> **Problem statement**
Given the entries below, would you transcribe exactly the lines starting at the one with "Used 2023 Toyota" and ending at the one with "Alle vannrør og", both kept, pictures omitted, nothing extra?

***** Input for this task

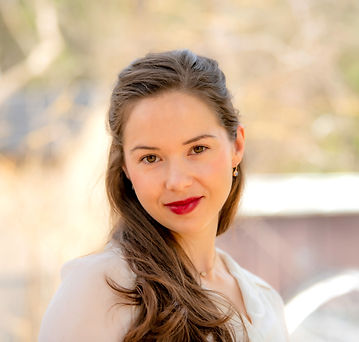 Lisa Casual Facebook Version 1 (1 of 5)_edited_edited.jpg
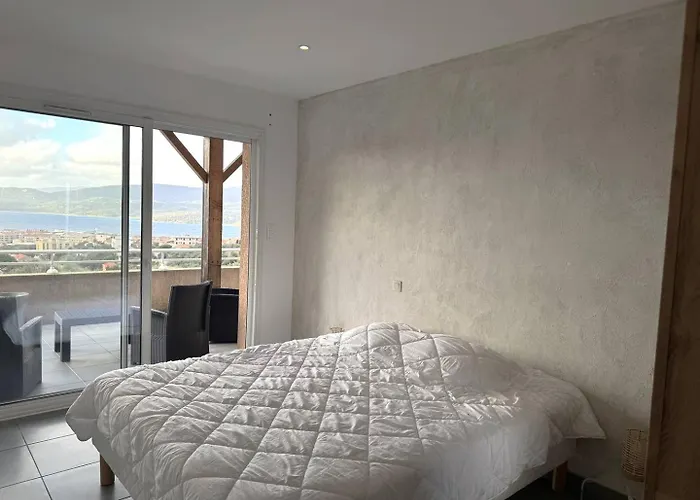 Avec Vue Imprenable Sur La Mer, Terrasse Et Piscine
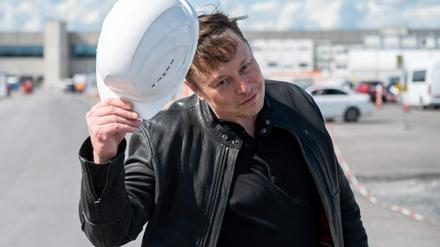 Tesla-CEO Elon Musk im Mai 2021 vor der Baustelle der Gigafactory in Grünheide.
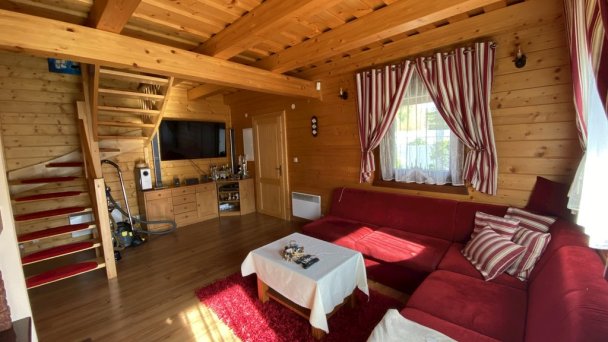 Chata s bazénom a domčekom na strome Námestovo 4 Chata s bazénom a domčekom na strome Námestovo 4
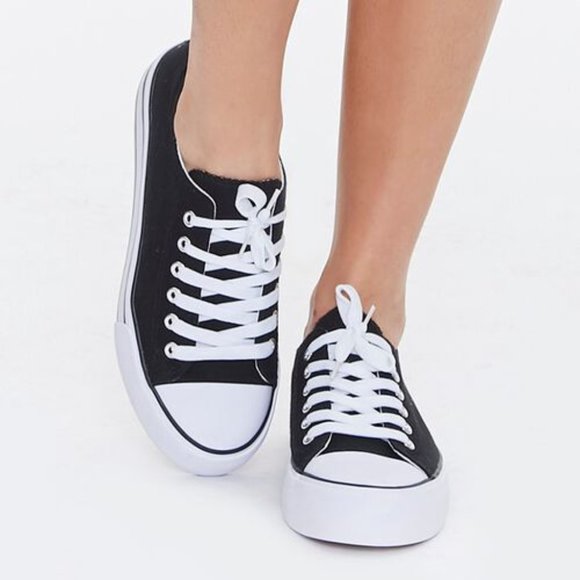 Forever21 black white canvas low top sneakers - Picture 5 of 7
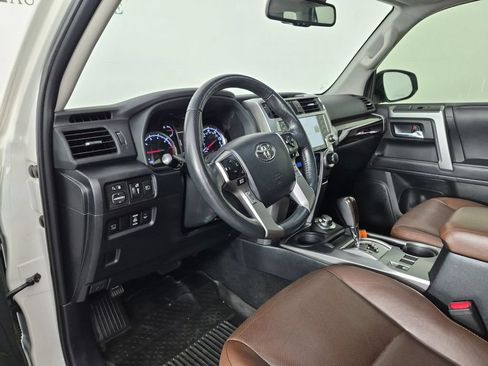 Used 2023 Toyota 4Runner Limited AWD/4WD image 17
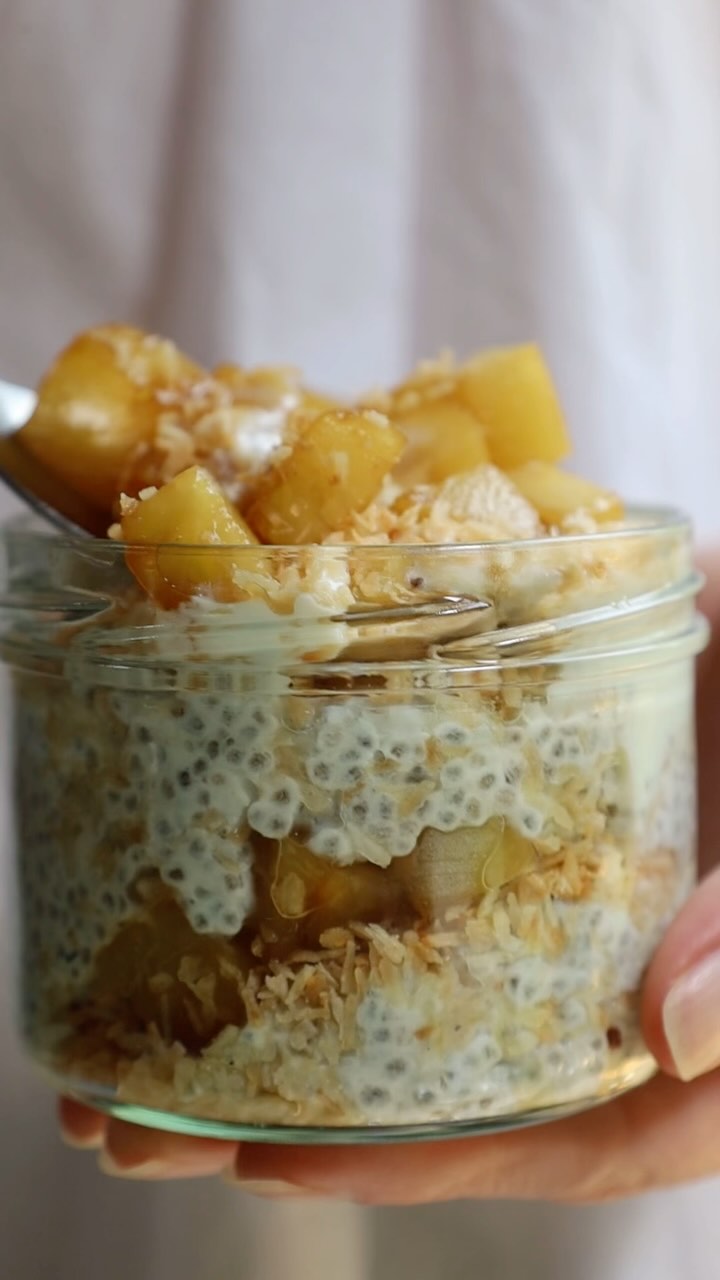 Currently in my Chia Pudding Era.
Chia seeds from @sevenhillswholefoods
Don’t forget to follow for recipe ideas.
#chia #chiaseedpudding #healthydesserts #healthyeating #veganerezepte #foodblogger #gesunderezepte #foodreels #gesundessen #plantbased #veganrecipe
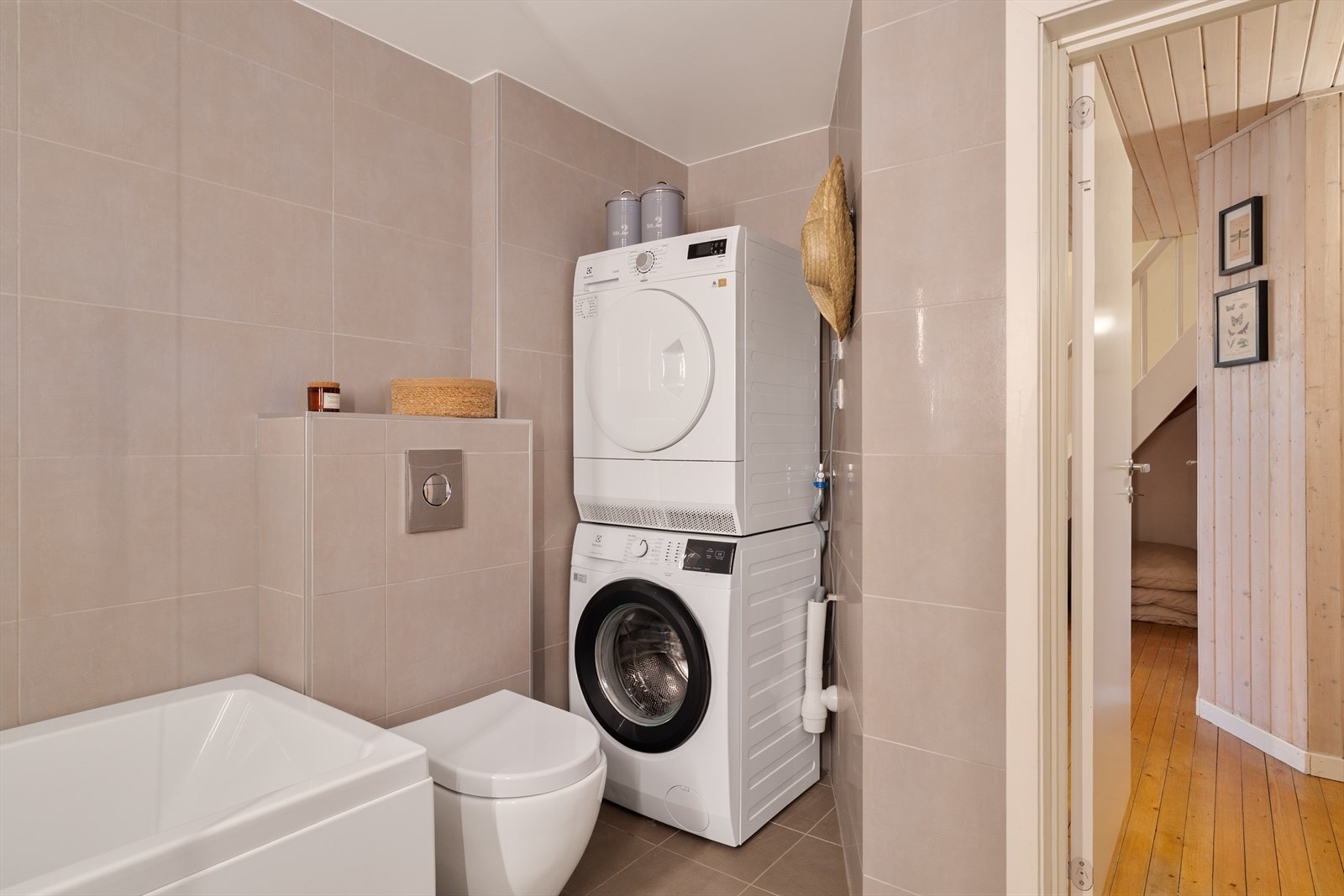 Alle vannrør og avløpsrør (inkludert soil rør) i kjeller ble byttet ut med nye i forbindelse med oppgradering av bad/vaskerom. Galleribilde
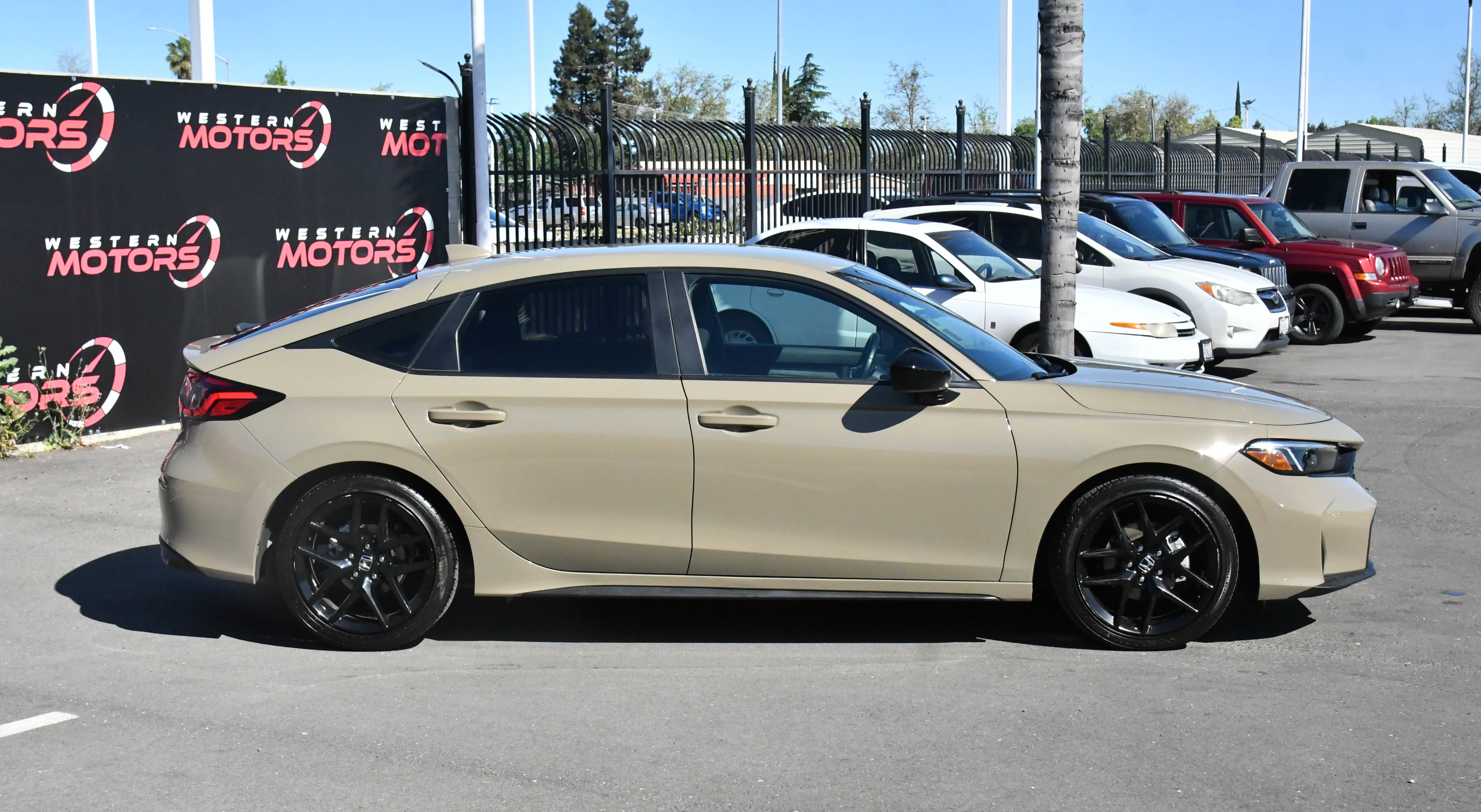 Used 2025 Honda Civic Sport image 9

**********

> **Solution to this task**
 Used 2023 Toyota 4Runner Limited AWD/4WD image 17
 Currently in my Chia Pudding Era.
Chia seeds from @sevenhillswholefoods
Don’t forget to follow for recipe ideas.
#chia #chiaseedpudding #healthydesserts #healthyeating #veganerezepte #foodblogger #gesunderezepte #foodreels #gesundessen #plantbased #veganrecipe
 Alle vannrør og avløpsrør (inkludert soil rør) i kjeller ble byttet ut med nye i forbindelse med oppgradering av bad/vaskerom. Galleribilde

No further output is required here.